"You're going to love this one," Erik told me when we decided to publish Henry Kuttner's The Dark World. "It's amazing."
"Cool," I said, and left it at that. After all, while being publisher of Planet Stories has given Erik the chance to accelerate his ascension to pulp scholarship, we see a lot of good books around here. So I got a little excited, but nothing out of the ordinary. Then I saw what some other folks had to say about it.
"I consider the work of Henry Kuttner to be the finest science fantasy
ever written. The Dark World was the best fantasy I have ever read...my copy is already half thumbed to death as I imagine I have read it at least twelve times."
Marion Zimmer Bradley, author of The Mists of Avalon
Oh. Well...
"Henry Kutter was a neglected master... a man who shaped science fiction and fantasy in its most important years."
Ray Bradbury, author of Fahrenheit 451
Huh.
"The Kuttner story which most impressed me in those most impressionable days was his short novel The Dark World. I returned to it time and time, reading it over and over again, drawn by its colorful, semi-mythic characters and strong action.... Looking back, Kuttner and Moore—and, specifically, The Dark World—were doubtless a general influence on my development as a writer."
Roger Zelazny, author of the Amber series
Okay, guys, I get it! Geez!
The honest truth, though, is that The Dark Worldis amazing. In Kuttner's fast-reading fantasy classic, WWII airman Edward Bond returns home from strange events during the war to discover that his mind is no longer his own. Instead, he now shares his body with his identical twin from an alternate dimension, the evil wizard Ganelon.
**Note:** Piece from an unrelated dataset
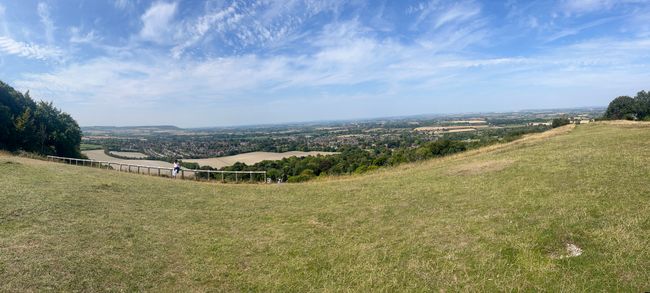 The view from Whiteleaf Cross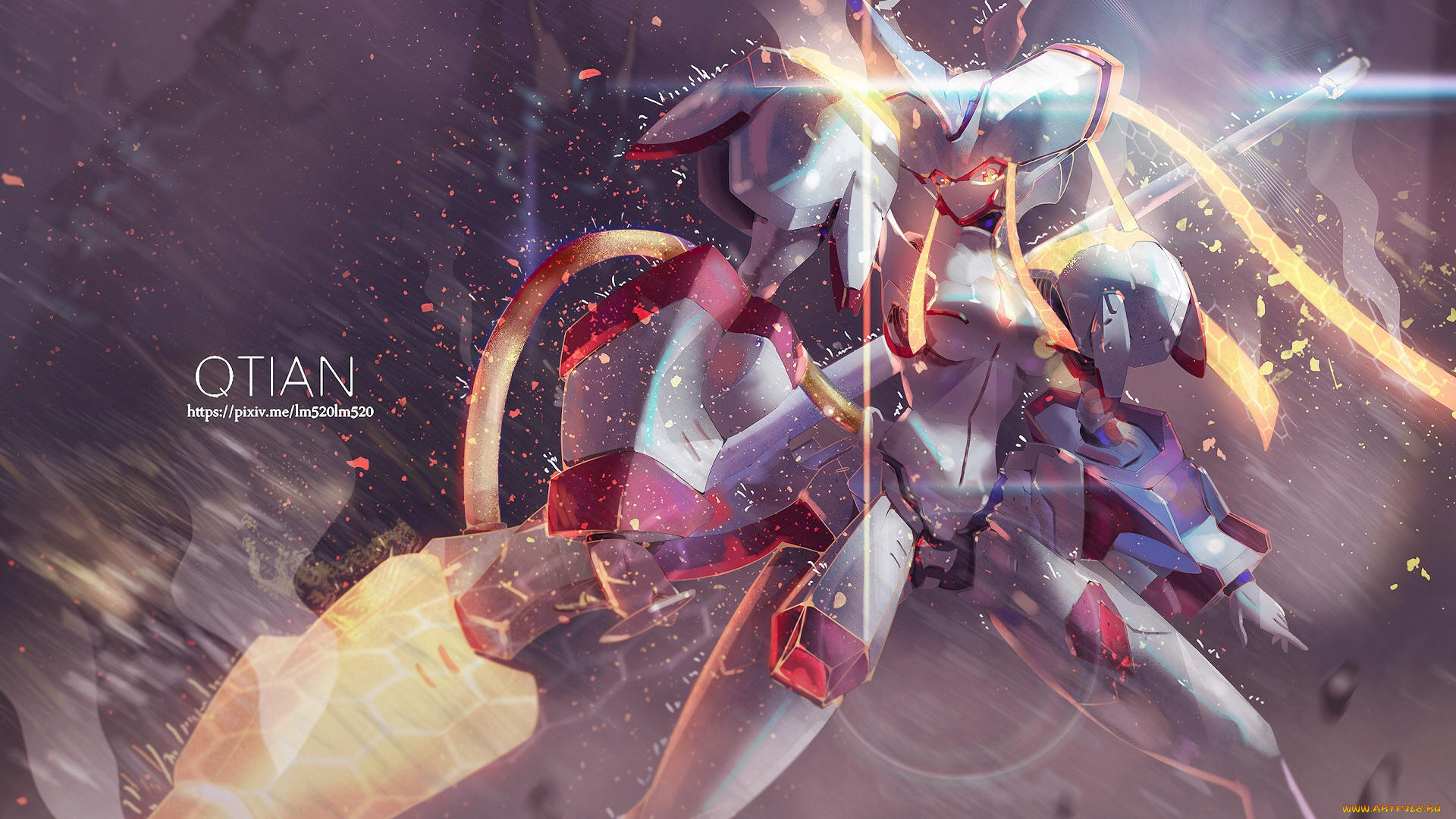 аниме, darling, in, the, frankxx, робот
Sucked through a portal to the mysterious fey realm known as the Dark World, Bond finds himself trapped between two warring factions. On one side is the Coven: a werewolf, a hooded immortal, and a beautiful and seductive witch, all eager to acknowledge Ganelon as their sinister ruler. On the other is the white sorceress Freydis and her band of forest rebels that want nothing more than to see the warlock's head on a spike. Within the first few pages, the book's central conflict comes out swinging: will Edward/Ganelon join with the rebels to release the oppressed world from the grip of a tyrannical, sacrifice—hungry god—or embrace the Coven to become the world's greatest villain?
It's a classic premise—the man drawn into another world of magic and swordplay—honed to the sharpest possible edge by Kuttner's clever brand of mythology backed by science. Yet the vibrant, instantly familiar setting isn't what makes this book stand out. No, what made it startlingly different in its day was its moral ambiguity. In an era—remember, we're in 1946—when you could reasonably expect any given protagonist to be a hard—jawed paragon of virtue, instinctively punching and slashing his way to justice without fail, Kuttner's hero is literally torn between good and evil. And for the first time in my pulp—reading career, I began to actually fear that our hero might not win. That the temptations of tyranny, unlimited power, and a life of luxury might be too much, and Edward Bond might—to quote another science fiction classic—give in to the dark side.
So take heed of what Marion, Ray, Roger—and, yes, Erik—have been saying and give The Dark World a shot. There are witches. There are vampires. There are werewolves. There are zombies. There are wizards and warlocks, dark gods with bloody sacrifices, and things that go bump in the night.